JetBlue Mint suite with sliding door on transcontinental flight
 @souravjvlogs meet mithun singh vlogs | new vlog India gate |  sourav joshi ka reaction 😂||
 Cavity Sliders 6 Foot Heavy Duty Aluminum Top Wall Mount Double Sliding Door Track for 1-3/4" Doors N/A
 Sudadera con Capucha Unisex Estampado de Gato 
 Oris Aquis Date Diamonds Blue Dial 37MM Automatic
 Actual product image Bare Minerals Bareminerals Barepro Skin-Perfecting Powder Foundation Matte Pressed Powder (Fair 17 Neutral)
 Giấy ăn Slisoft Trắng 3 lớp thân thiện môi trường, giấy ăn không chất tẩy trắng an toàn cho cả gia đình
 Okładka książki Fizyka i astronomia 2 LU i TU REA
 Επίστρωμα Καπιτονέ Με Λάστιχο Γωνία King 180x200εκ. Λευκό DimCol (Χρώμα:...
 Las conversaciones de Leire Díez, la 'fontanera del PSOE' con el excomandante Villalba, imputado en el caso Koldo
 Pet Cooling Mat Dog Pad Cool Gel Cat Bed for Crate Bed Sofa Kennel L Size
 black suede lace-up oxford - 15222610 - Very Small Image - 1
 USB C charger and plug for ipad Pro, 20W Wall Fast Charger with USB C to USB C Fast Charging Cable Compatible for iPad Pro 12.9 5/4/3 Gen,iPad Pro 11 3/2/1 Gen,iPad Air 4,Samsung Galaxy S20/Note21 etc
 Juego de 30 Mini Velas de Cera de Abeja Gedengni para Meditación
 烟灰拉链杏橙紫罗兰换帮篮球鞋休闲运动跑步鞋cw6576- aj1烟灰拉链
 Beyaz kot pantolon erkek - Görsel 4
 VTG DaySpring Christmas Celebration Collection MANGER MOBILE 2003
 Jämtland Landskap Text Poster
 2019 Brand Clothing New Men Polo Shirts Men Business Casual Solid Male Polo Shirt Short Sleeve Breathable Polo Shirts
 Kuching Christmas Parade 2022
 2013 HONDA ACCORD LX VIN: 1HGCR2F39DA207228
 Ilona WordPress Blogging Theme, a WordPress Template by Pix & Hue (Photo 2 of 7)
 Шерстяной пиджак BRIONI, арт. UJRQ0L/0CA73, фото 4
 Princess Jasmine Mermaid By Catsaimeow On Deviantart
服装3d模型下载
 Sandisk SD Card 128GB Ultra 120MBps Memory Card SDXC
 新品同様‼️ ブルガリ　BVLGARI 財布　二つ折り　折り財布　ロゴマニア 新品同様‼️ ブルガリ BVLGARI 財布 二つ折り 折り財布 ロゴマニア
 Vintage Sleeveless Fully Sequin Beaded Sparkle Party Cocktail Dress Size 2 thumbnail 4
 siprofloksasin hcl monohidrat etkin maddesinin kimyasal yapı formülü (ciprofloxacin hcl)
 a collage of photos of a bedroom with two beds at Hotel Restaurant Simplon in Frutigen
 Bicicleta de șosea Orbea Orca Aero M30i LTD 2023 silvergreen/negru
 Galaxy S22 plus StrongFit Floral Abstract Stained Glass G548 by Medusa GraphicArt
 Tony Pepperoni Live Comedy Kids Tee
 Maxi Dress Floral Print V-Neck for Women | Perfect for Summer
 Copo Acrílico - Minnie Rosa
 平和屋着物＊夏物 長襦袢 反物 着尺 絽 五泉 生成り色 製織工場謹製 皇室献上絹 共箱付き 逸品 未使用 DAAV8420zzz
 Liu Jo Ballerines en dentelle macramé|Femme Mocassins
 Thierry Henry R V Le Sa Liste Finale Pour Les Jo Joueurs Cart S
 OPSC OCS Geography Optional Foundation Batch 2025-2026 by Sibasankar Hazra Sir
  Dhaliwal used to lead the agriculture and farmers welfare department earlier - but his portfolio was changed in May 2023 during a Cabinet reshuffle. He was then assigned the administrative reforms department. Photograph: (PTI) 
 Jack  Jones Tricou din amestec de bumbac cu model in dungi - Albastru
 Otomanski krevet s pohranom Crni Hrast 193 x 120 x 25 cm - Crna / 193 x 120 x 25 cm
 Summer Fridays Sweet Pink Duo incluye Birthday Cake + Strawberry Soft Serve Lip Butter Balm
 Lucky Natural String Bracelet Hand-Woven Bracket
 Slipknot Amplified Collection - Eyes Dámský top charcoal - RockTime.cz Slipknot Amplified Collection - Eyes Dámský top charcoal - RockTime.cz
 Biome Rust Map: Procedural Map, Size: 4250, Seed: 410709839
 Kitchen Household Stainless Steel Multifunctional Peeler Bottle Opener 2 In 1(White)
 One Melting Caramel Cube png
▬▬▬▬▬▬▬▬▬▬
• _Directions_
With the line containing "Biome Rust Map: Procedural" as the first, output each line through the final line of the entries above, exactly.

• _Worked solution_
 Biome Rust Map: Procedural Map, Size: 4250, Seed: 410709839
 Kitchen Household Stainless Steel Multifunctional Peeler Bottle Opener 2 In 1(White)
 One Melting Caramel Cube png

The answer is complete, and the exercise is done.